Millares de palomas con la cola provista de materias inflamables habían sido lanzadas contra el Victoria. Asustadas, las pobres aves subían, trazando en la atmósfera zigzagues de fuego. Kennedy descargó contra ellas todas sus armas, pero nada podían contra un ejército tan numeroso. Las palomas ya revoloteaban alrededor de la barquilla y del globo, cuyas paredes, reflejando su luz, parecían envueltas en una red de llamas.

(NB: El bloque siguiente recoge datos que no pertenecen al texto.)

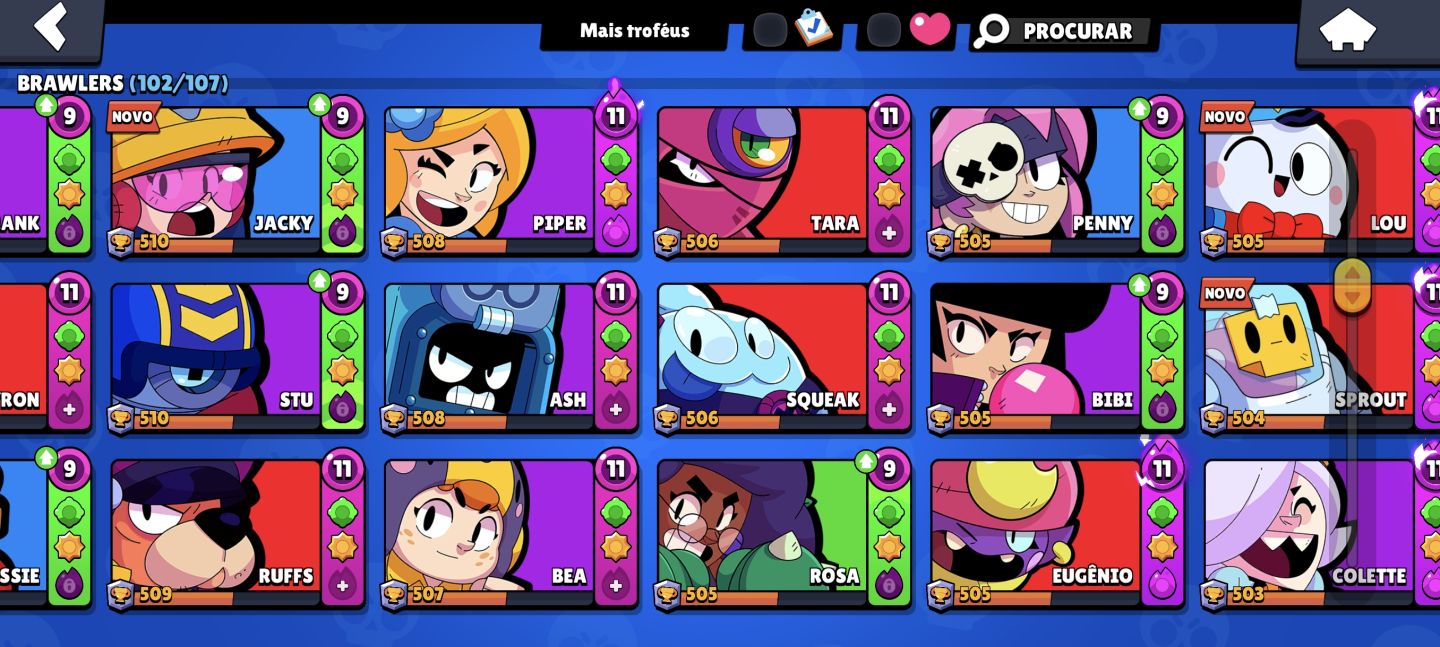 CONTA BRAWL STARS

El doctor no vaciló y, arrojando un fragmento de cuarzo, se puso fuera del alcance de tan peligrosas aves. Por espacio de dos horas se las vio desde la barquilla corriendo azoradas en distintas direcciones, pero poco a poco fue disminuyendo su número y, por último, desaparecieron todas entre las sombras de la noche.

-Ahora podemos dormir tranquilos -declaró el doctor.

-¡Para ser obra de salvajes -exclamó Joe-, el ardid no es poco ingenioso!

-Sí, suelen utilizar palomas incendiarias para prender fuego a las chozas de las aldeas; pero nuestra aldea vuela más alto que sus palomas.

-Está visto que un globo no tiene enemigos que temer -dijo Kennedy.

-Sí los tiene -replicó el doctor.

-¿ Cuáles?

-Los imprudentes que lleva en su barquilla. Así que, amigos míos, vigilancia y más vigilancia, siempre y por doquier.